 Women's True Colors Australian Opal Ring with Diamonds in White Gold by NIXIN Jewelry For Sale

---

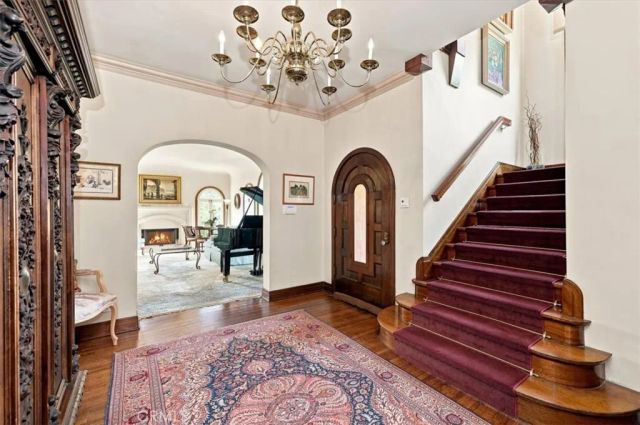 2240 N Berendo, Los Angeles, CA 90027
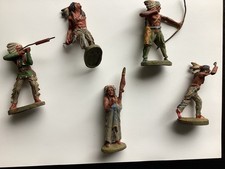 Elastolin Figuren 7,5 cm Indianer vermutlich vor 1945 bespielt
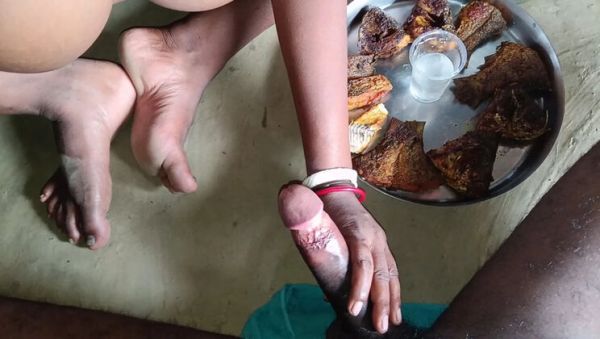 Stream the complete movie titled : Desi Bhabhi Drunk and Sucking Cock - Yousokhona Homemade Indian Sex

==

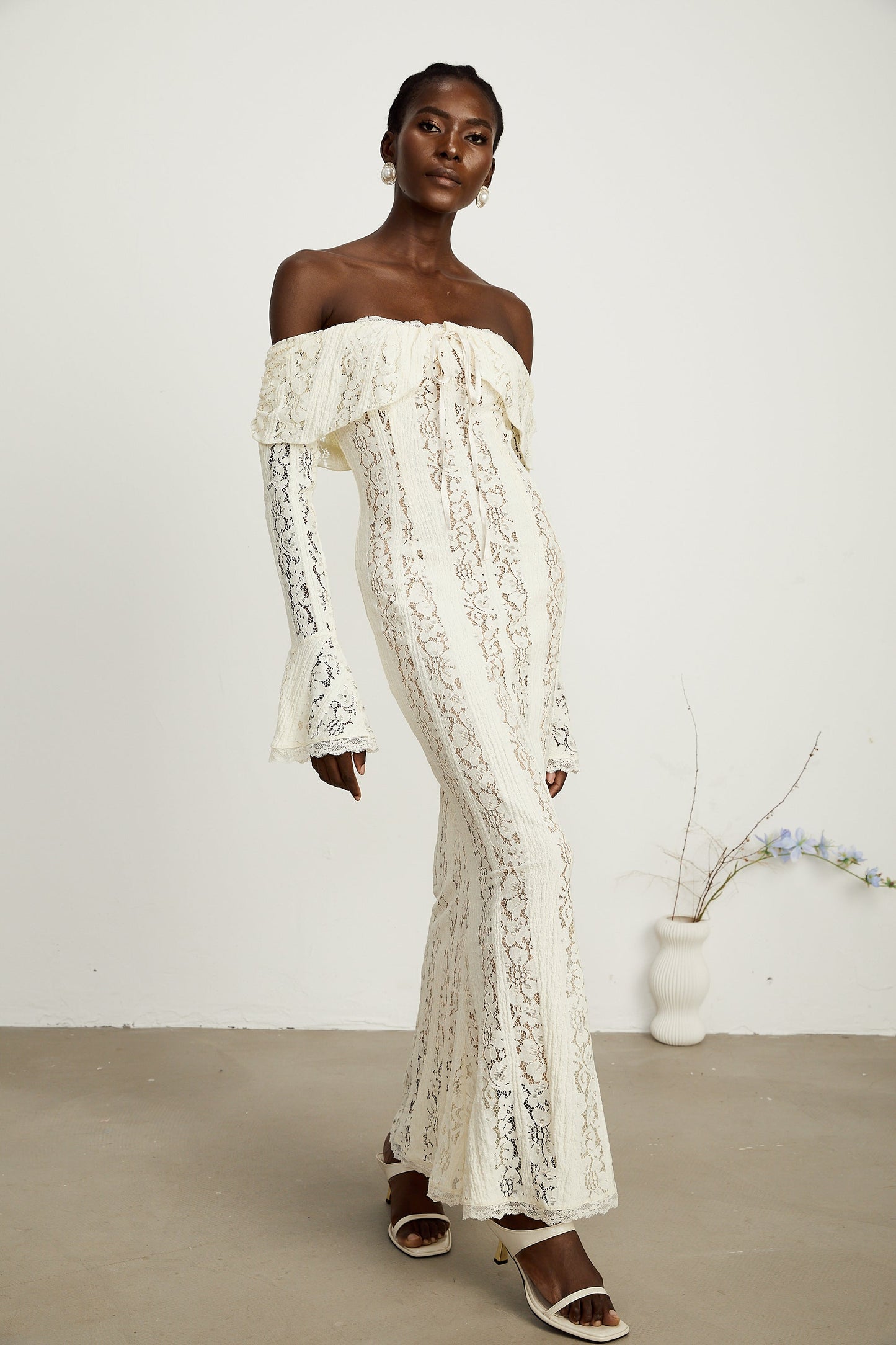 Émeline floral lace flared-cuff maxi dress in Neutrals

→ **Problem to solve**
Begin at the line in the entries above that has "2240 N Berendo, Los Angeles, CA 90027", stop after the line that has "Stream the complete", and output exactly those lines without pictures.

→ **Response to this exercise**
 2240 N Berendo, Los Angeles, CA 90027
 Elastolin Figuren 7,5 cm Indianer vermutlich vor 1945 bespielt
 Stream the complete movie titled : Desi Bhabhi Drunk and Sucking Cock - Yousokhona Homemade Indian Sex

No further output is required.